___ Input for this task
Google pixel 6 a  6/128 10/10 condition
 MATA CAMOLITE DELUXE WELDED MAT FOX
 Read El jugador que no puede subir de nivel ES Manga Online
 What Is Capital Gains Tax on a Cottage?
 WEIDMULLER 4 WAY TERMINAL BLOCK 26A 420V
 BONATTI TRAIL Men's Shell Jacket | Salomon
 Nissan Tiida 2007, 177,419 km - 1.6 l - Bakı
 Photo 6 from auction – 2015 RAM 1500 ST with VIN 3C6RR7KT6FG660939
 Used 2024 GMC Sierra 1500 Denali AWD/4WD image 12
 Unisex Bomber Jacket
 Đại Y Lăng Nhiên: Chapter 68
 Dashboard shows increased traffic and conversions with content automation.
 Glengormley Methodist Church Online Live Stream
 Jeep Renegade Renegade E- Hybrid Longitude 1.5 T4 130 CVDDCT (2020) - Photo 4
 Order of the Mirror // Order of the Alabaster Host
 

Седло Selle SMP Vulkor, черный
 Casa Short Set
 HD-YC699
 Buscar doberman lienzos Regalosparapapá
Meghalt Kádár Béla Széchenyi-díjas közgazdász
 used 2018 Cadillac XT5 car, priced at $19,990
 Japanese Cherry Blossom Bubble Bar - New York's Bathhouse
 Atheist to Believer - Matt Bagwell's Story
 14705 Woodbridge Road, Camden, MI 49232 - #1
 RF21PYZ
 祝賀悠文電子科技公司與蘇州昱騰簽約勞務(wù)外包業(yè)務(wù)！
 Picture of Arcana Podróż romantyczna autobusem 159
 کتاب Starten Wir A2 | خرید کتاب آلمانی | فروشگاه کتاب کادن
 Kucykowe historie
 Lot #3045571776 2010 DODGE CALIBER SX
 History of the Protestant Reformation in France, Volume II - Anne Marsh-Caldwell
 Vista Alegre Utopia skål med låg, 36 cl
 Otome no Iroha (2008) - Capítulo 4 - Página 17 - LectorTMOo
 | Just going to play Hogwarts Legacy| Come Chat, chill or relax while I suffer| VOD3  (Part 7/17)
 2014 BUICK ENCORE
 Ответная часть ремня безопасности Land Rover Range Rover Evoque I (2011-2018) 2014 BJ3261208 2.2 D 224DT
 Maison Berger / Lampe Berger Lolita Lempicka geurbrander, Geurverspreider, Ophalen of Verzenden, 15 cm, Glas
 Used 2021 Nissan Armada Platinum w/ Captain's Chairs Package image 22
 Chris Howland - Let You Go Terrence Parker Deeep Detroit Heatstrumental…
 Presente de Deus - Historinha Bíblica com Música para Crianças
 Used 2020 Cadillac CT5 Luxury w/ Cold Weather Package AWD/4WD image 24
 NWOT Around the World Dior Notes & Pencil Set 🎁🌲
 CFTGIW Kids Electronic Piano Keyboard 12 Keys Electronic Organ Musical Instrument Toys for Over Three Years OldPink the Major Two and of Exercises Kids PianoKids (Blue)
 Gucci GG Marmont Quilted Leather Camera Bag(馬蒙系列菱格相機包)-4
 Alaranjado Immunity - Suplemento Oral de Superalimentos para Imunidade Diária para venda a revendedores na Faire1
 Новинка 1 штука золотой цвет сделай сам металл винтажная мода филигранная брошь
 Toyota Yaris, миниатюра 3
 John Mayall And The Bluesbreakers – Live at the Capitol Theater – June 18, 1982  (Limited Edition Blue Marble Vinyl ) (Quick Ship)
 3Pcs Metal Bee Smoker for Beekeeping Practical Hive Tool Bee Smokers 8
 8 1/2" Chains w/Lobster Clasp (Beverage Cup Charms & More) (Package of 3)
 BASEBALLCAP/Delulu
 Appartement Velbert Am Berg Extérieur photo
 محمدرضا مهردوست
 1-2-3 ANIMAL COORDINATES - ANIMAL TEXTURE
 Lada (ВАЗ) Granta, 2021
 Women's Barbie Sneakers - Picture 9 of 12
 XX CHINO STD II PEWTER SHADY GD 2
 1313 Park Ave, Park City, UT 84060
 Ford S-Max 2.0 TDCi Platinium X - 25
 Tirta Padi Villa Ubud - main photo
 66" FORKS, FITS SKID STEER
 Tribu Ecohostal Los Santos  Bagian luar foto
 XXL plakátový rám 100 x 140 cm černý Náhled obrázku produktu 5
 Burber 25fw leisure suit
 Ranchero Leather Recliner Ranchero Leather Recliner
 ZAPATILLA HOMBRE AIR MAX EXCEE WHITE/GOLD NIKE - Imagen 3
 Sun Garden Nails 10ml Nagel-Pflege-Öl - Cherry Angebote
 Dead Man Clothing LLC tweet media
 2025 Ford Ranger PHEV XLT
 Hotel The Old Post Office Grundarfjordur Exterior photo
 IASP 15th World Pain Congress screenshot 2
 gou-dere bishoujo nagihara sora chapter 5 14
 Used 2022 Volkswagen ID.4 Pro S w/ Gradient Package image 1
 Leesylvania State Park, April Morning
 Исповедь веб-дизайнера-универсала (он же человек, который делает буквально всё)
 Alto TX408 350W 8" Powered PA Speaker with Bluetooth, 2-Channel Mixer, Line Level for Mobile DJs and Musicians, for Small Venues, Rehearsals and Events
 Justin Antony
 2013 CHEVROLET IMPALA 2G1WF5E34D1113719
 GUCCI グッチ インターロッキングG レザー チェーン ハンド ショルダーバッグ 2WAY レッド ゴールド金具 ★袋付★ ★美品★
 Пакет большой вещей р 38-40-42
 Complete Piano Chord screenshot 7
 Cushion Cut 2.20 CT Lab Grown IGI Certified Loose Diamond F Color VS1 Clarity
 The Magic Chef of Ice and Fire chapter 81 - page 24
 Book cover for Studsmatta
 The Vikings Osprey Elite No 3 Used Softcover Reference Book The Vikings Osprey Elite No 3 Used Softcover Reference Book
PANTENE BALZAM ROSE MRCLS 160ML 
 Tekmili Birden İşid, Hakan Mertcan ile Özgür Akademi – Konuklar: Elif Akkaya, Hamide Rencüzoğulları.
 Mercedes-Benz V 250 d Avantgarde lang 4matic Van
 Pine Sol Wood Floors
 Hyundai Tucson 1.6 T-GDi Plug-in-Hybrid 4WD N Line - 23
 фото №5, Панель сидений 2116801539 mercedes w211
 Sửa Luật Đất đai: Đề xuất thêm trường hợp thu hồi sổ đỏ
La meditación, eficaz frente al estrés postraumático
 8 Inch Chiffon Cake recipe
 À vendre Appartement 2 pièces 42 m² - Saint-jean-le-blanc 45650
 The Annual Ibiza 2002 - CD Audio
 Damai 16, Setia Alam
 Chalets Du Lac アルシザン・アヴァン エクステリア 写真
______
» Problem requirements:
For the word "Leather", go through the records and show each line that carries it.

» Answer area:
 Gucci GG Marmont Quilted Leather Camera Bag(馬蒙系列菱格相機包)-4
 Ranchero Leather Recliner Ranchero Leather Recliner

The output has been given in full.